Mr. Bry, a short pale man, with a business face and leisure clothes, met the dilemma hilariously. "I guess the Duchess goes where it's cheapest, unless she can get her meal paid for. If you offered to blow her off at the Terrasse she'd turn up fast enough."
But Mrs. Jack Stepney interposed. "The Grand Dukes go to that little place at the Condamine. Lord Hubert says it's the only restaurant in Europe where they can cook peas."
Lord Hubert Dacey, a slender shabby-looking man, with a charming worn smile, and the air of having spent his best years in piloting the wealthy to the right restaurant, assented with gentle emphasis: "It's quite that."
"Peas?" said Mr. Bry contemptuously. "Can they cook terrapin? It just shows," he continued, "what these European markets are, when a fellow can make a reputation cooking peas!"
Jack Stepney intervened with authority. "I don't know that I quite agree with Dacey: there's a little hole in Paris, off the Quai Voltaire--but in any case, I can't advise the Condamine gargote; at least not with ladies." Stepney, since his marriage, had thickened and grown prudish, as the Van Osburgh husbands were apt to do; but his wife, to his surprise and discomfiture, had developed an earth-shaking fastness of gait which left him trailing breathlessly in her wake.
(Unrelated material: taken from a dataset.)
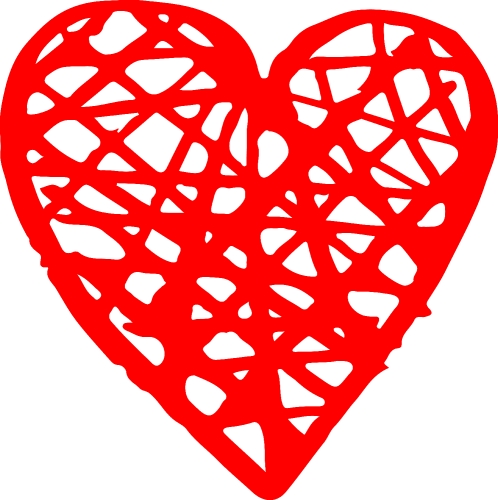 Hand draw Heart icon love sign design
"That's where we'll go then!" she declared, with a heavy toss of her plumage. "I'm so tired of the Terrasse: it's as dull as one of mother's dinners. And Lord Hubert has promised to tell us who all the awful people are at the other place--hasn't he, Carry? Now, Jack, don't look so solemn!"
"Well," said Mrs. Bry, "all I want to know is who their dress-makers are."
"No doubt Dacey can tell you that too," remarked Stepney, with an ironic intention which the other received with the light murmur, "I can at least find out, my dear fellow"; and Mrs. Bry having declared that she couldn't walk another step, the party hailed two or three of the light phaetons which hover attentively on the confines of the gardens, and rattled off in procession toward the Condamine.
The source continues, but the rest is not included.